TASK INSTRUCTIONS: These records contain pictures, which must be left out; copy exactly the lines from the one with "Внедорожник / Кроссовер" up to and including the one with "Porsche Panamera Turbo".

════════════════

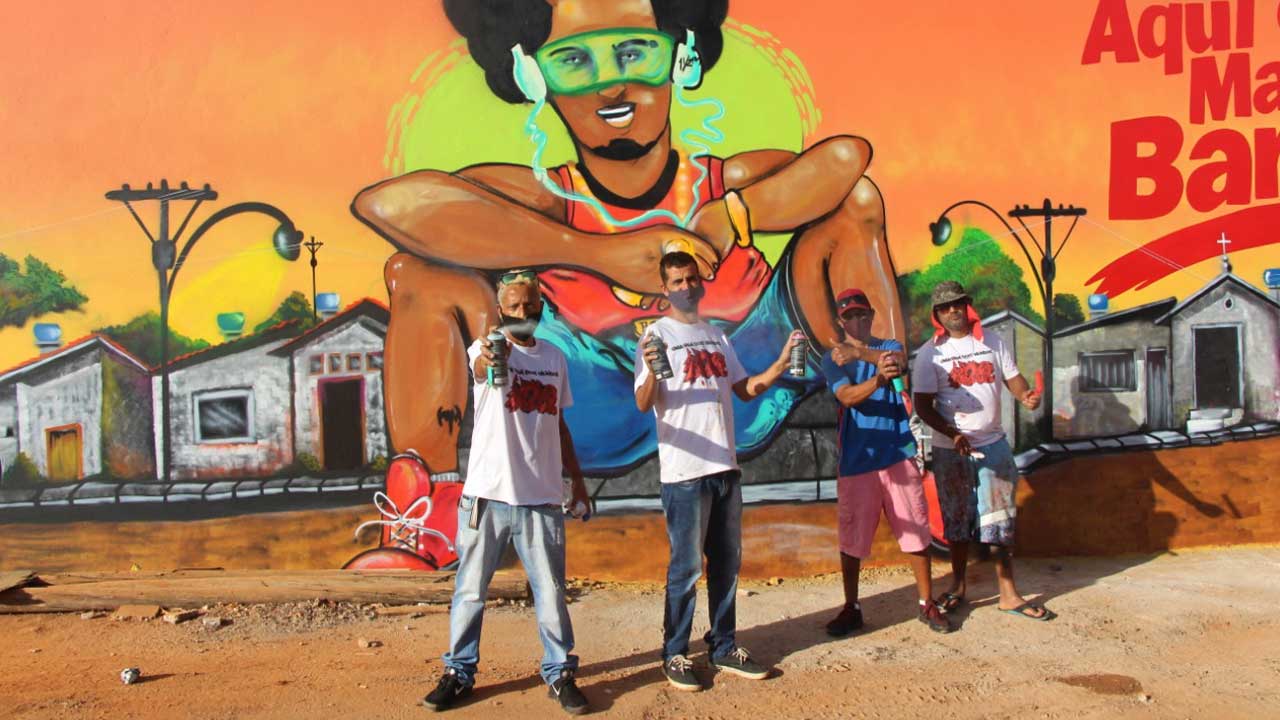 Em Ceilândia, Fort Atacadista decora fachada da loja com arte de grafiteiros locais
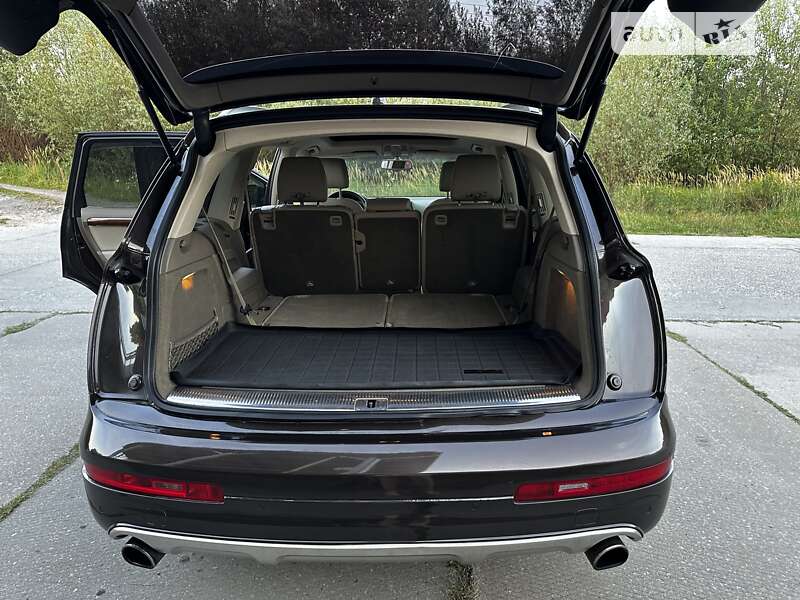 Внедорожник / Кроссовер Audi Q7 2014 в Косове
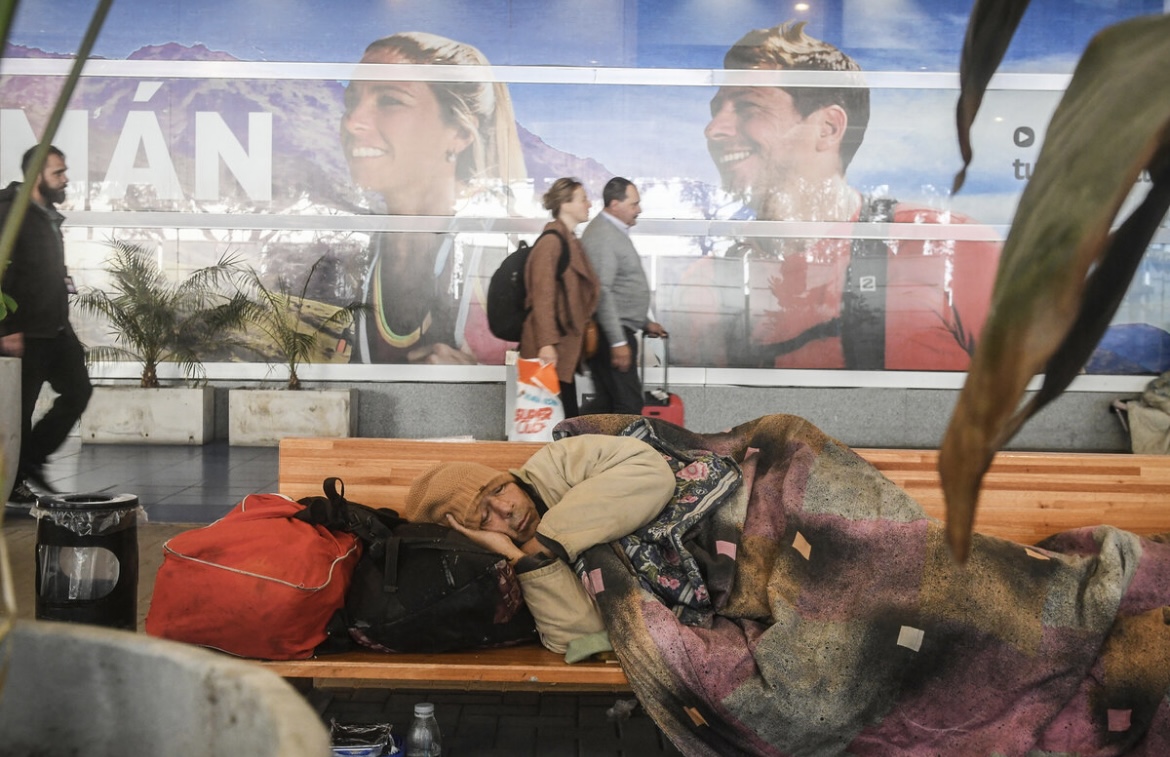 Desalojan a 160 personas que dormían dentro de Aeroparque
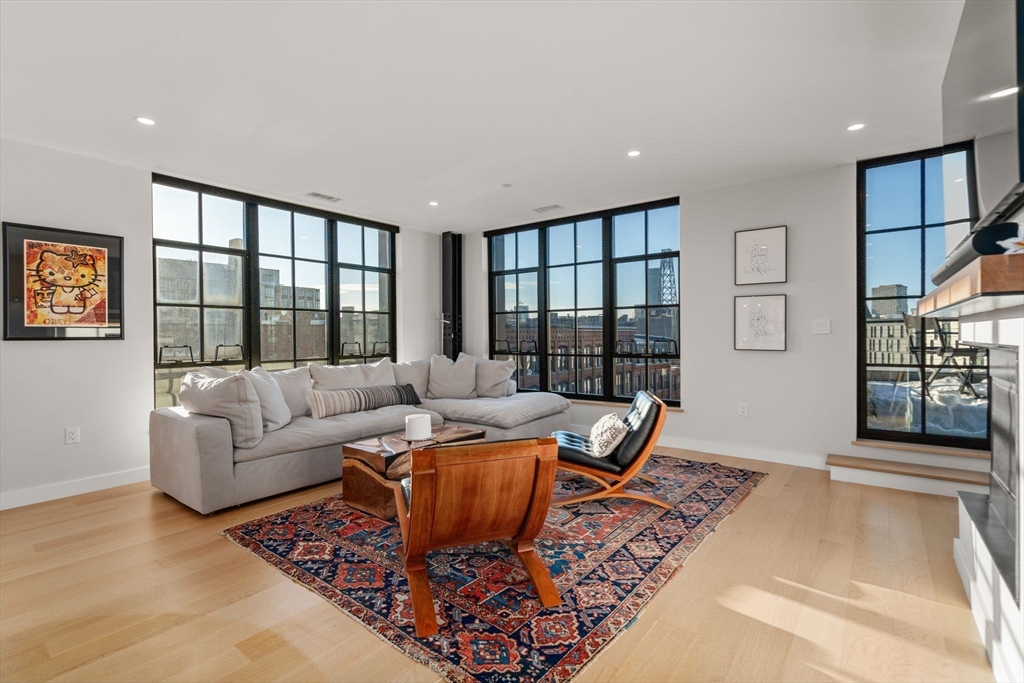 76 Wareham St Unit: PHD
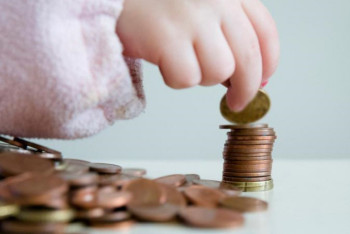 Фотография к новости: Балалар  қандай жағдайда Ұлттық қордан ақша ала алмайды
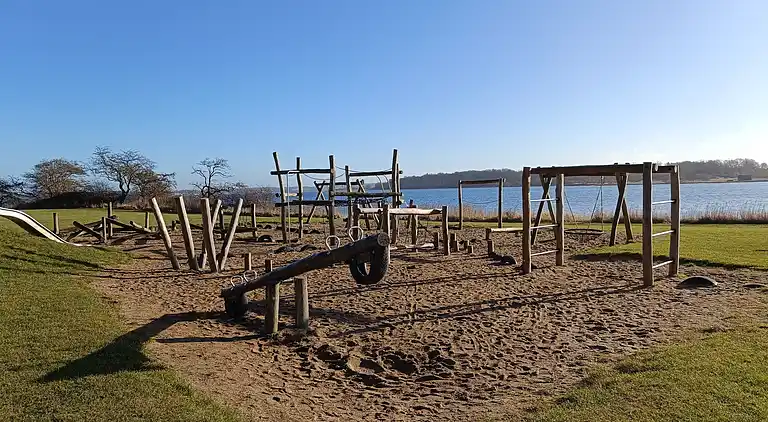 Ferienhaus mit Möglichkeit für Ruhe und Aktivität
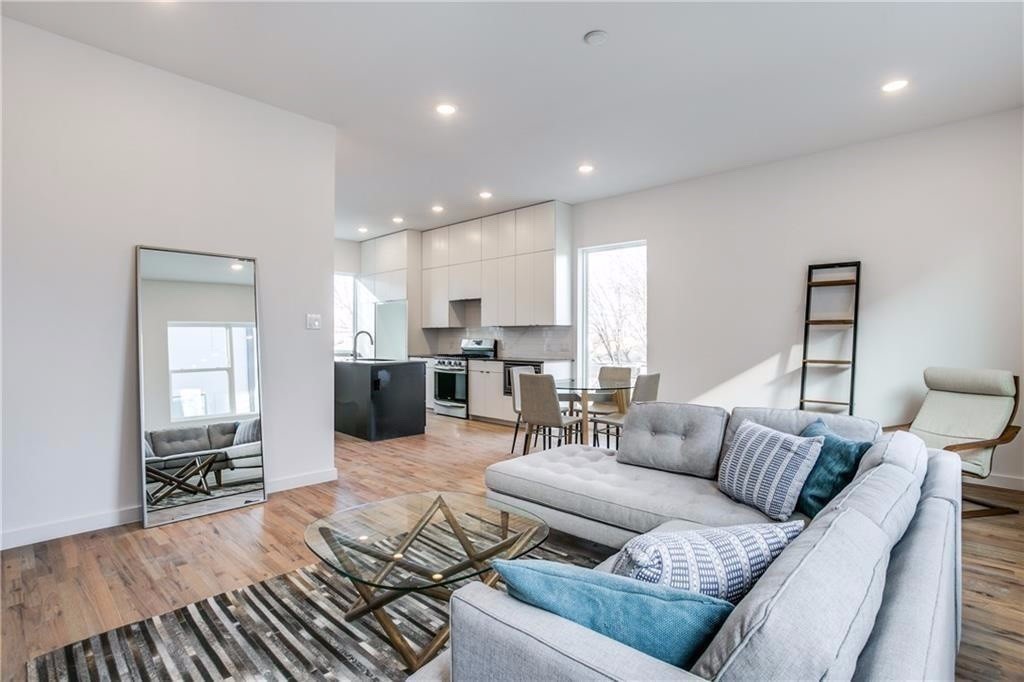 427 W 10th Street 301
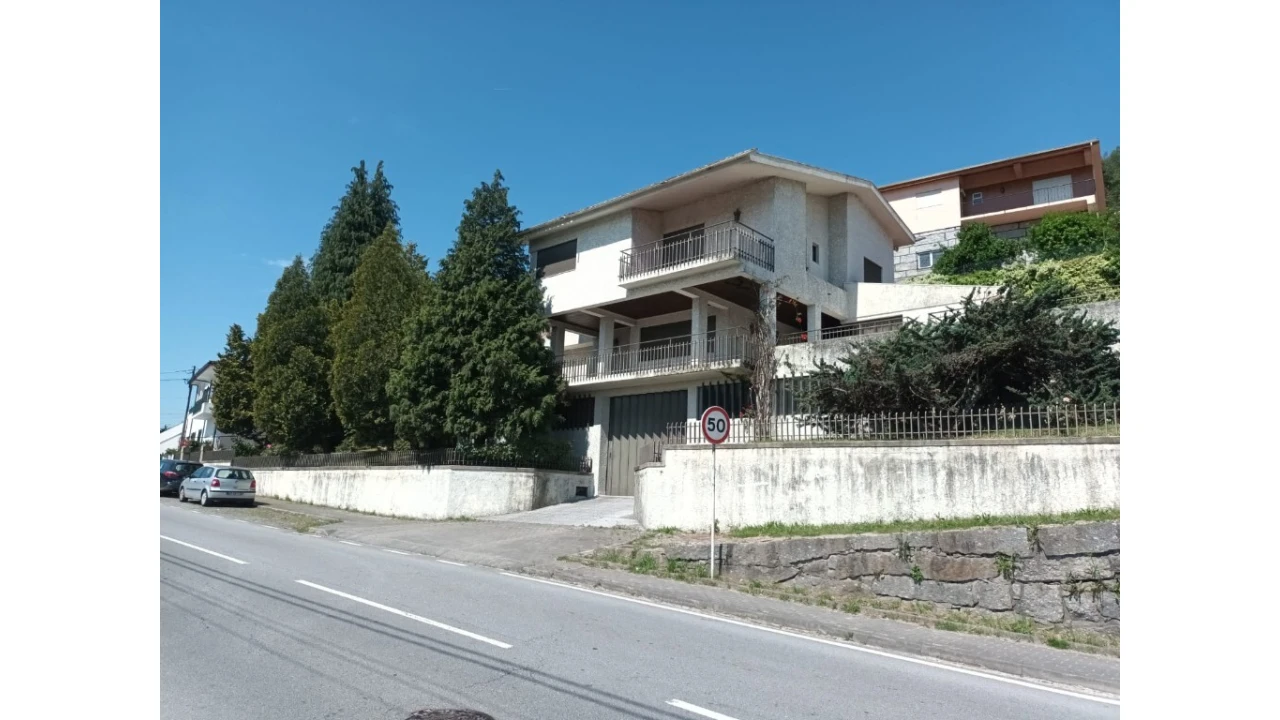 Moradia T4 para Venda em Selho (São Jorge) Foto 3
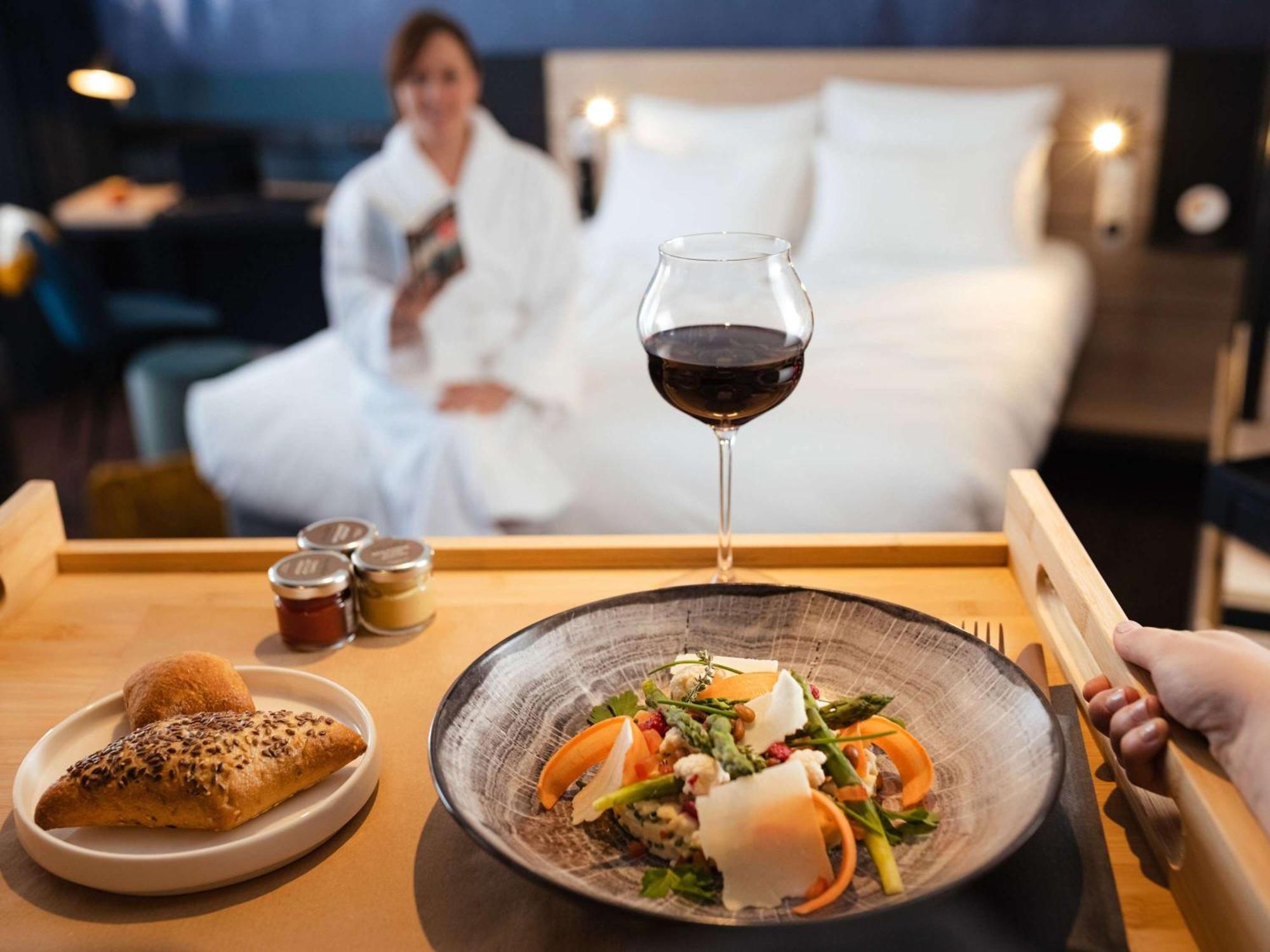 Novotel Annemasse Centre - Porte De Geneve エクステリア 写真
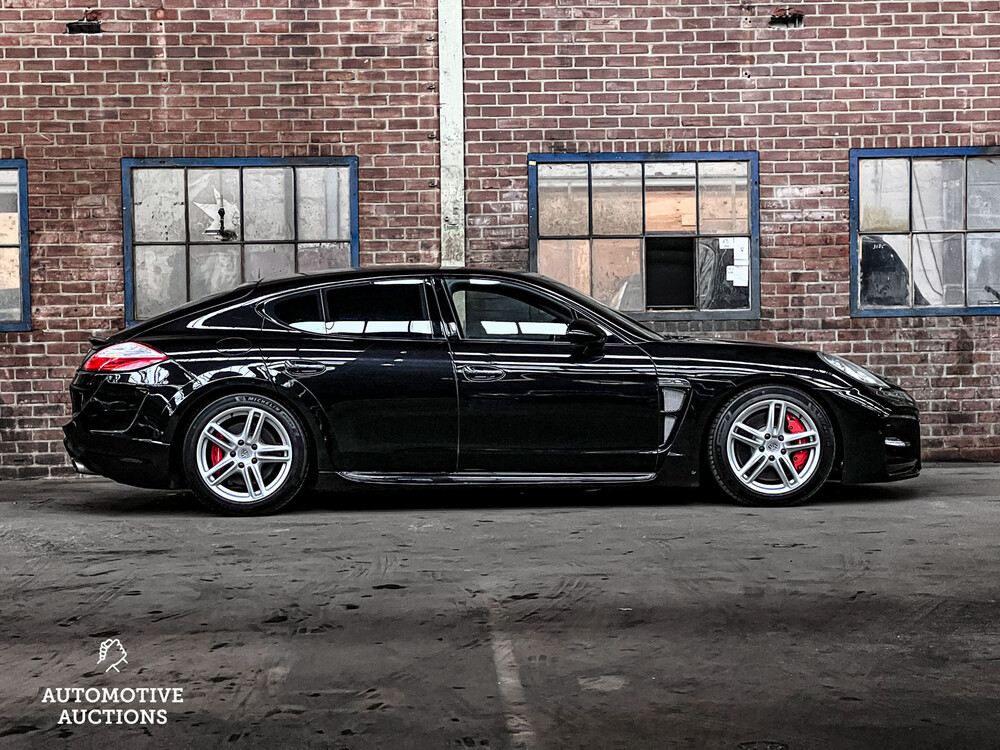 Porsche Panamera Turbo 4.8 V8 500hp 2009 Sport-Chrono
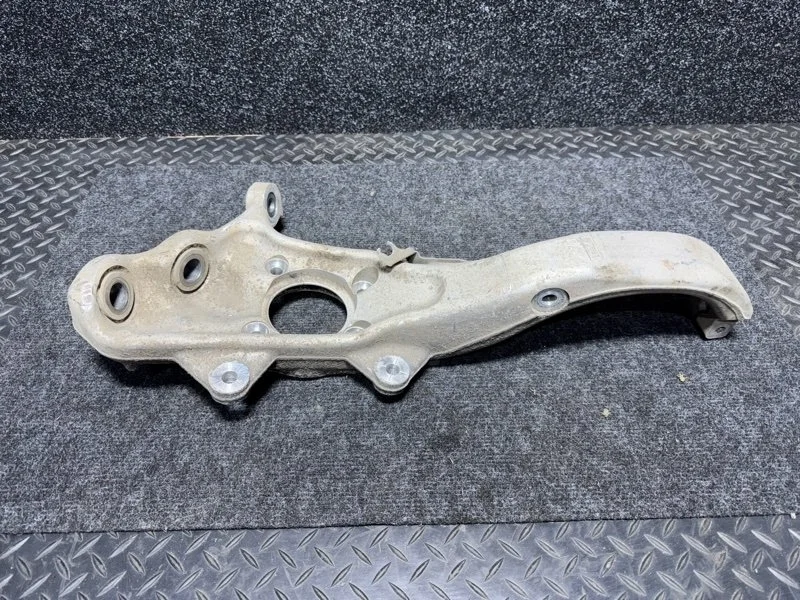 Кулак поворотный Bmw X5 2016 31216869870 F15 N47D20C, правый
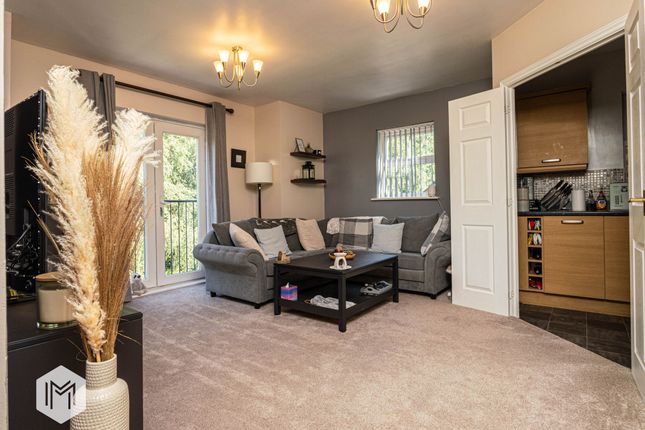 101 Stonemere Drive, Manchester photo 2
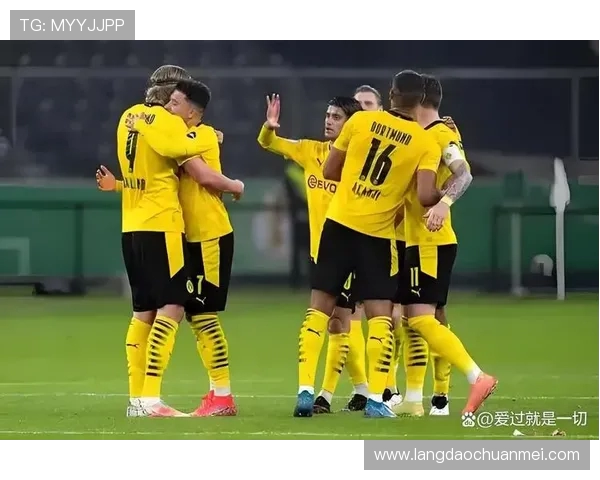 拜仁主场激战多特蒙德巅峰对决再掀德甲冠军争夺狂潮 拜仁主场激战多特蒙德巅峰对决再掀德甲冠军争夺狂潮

════════════════

PROBLEM SOLUTION:
 Внедорожник / Кроссовер Audi Q7 2014 в Косове
 Desalojan a 160 personas que dormían dentro de Aeroparque
 76 Wareham St Unit: PHD
 Фотография к новости: Балалар  қандай жағдайда Ұлттық қордан ақша ала алмайды
 Ferienhaus mit Möglichkeit für Ruhe und Aktivität
 427 W 10th Street 301
 Moradia T4 para Venda em Selho (São Jorge) Foto 3
 Novotel Annemasse Centre - Porte De Geneve エクステリア 写真
 Porsche Panamera Turbo 4.8 V8 500hp 2009 Sport-Chrono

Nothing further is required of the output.